Especially when more people understand how CBI could contribute for the construction of a fair and more civilized Brazil, more voices will be saying to the President of the Republic, to the Governors and Mayors: “It is a good proposal. Let’s put it into practice right away”.

Conclusion: what are the immediate prospects?

During the IV National Congress of the PT in Brasilia, February 19th to 21st, 2010, by the unanimous vote of the 1.350 delegates, the following point was added to the National Program of Dilma Rousseff, who was acclaimed Presidential candidate by consensus:

“The Great Transformation
The accelerated growth and the fight against racial, social, regional inequalities and the promotion of sustainable development will be the axis of the economic development structure.
19) The expansion and the strengthening of the popular consumption goods, that produces strong positive impact over the productive sector system, will be attained by:
a)…
f) permanent improvement of the income transfer programs such as the Bolsa Família, to eradicate hunger and poverty, to facilitate access of the population to employment, education, health and higher income;
g) transition from the Bolsa Família Program towards the Citizen´s Basic Income, CBI, unconditional, as a right of every person to participate in the wealth of the nation, such as set by the Law 10.835/2004, a PT initiative, approved by all parties in the National Congress and sanctioned by President Luiz Inácio Lula da Silva in January 8, 2004.”

It would be rational that the Bolsa Família and the state social programs become unified since they are quite similar. Both could be increased in value, for more people, in the direction of the CBI.

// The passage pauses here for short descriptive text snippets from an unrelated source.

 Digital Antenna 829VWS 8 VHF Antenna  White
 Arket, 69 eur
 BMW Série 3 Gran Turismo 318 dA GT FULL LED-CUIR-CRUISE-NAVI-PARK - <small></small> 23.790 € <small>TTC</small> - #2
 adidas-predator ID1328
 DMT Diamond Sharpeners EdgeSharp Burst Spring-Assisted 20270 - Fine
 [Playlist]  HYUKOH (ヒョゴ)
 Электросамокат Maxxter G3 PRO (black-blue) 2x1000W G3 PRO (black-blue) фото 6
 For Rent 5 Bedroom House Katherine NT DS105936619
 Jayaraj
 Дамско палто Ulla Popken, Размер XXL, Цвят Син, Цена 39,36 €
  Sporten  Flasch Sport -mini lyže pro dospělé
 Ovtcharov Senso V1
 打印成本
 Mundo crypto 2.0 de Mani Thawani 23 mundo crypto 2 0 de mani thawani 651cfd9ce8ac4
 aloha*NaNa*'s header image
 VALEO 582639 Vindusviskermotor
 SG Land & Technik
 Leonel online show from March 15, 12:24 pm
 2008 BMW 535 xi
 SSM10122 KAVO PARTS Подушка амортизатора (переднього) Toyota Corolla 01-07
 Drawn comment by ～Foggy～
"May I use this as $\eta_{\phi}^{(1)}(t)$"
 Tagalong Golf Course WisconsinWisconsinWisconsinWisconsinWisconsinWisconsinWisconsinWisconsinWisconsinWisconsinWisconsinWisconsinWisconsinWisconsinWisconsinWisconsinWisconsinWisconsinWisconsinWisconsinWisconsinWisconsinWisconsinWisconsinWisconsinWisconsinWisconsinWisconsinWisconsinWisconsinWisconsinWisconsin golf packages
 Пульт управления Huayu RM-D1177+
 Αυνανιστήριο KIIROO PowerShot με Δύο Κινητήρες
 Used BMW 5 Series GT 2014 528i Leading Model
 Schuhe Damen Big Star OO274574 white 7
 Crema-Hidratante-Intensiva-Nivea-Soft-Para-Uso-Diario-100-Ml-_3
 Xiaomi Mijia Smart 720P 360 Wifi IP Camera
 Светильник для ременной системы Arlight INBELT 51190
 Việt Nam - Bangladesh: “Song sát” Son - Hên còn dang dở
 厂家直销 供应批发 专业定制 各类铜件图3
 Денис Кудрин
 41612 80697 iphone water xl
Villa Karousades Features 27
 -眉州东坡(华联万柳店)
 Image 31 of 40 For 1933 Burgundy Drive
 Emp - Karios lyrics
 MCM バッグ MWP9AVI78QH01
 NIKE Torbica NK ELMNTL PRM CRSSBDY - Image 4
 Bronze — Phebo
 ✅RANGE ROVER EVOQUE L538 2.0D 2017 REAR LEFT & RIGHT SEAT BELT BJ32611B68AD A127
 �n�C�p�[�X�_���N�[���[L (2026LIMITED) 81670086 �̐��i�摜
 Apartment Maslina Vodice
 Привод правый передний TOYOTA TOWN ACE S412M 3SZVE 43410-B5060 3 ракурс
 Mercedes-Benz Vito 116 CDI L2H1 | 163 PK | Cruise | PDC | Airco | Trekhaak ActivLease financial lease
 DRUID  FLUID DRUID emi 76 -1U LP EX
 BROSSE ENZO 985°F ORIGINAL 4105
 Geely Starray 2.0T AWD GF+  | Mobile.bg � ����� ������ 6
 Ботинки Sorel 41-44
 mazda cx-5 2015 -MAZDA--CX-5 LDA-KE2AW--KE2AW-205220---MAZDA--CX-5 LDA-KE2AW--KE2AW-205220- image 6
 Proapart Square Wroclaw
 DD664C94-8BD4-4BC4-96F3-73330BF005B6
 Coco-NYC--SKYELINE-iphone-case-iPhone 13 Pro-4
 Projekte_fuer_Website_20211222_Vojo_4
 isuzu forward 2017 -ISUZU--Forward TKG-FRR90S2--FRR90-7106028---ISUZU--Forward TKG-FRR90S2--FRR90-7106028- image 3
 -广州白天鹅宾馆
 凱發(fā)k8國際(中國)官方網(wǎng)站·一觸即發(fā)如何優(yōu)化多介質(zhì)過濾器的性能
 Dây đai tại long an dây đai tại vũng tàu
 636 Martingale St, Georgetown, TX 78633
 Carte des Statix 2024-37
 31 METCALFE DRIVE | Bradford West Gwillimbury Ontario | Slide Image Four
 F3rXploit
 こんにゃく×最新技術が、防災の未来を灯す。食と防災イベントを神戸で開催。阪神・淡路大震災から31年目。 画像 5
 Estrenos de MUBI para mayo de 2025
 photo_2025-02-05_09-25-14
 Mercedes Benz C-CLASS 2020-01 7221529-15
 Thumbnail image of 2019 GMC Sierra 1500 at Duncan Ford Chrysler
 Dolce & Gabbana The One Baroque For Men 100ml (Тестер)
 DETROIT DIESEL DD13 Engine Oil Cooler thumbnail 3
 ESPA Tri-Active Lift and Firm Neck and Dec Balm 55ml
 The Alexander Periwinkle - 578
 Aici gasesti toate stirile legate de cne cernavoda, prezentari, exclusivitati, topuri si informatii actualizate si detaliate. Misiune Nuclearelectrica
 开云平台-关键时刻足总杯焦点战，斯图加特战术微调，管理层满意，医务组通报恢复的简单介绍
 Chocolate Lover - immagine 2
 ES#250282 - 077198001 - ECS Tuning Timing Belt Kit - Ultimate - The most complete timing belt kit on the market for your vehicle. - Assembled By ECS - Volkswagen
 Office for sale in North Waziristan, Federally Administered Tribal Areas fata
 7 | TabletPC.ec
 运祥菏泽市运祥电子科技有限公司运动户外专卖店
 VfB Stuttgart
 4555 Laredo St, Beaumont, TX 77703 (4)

President Dilma Rousseff was elected in October 31st, 2010 in the second ballot, with almost 55.7 million votes, 56% of the total. On her inauguration day, on 2011, January 1st, she announced that the eradication of misery or extreme poverty in Brazil would be her first and most important priority.
On June 11st, President Dilma Rousseff announced the Brazil Without Misery Plan. The main purpose is to include in the program those 16.27 million people who are not yet being benefitted by the Bolsa Família program, although they are people who, according to the 2010 Census, are living with less than 70 reais per capita. She announced that the government will start making an active search for these people wherever they are. Since many of these people are children up to 14 years of age, the Bolsa Família Program increased the benefit from three to five children up to 15 years of age that may receive the 32 reais per child. This measure is expected to reach 800 thousand families more, up to 2014, and 1.3 million more children.

It will be a tremendous challenge for a 150-year old financial institution like the Caixa Econômica Federal, a Caisse des Dépôts, to administer the unconditional right to all 191 million Brazilians, even more in the future. But for an institution that was able to increase the number of families being benefitted by the Bolsa Família Program from 3.5 million families in December, 2003, to 13 million in December 2011, that corresponds to around 50 million inhabitants, and so efficiently, to manage the Citizen’s Basic Income to all Brazilians is a feasible objective. It is my purpose to help President Dilma Rousseff and her Ministers to take the necessary steps to institute the Citizen’s Basic Income by 2014.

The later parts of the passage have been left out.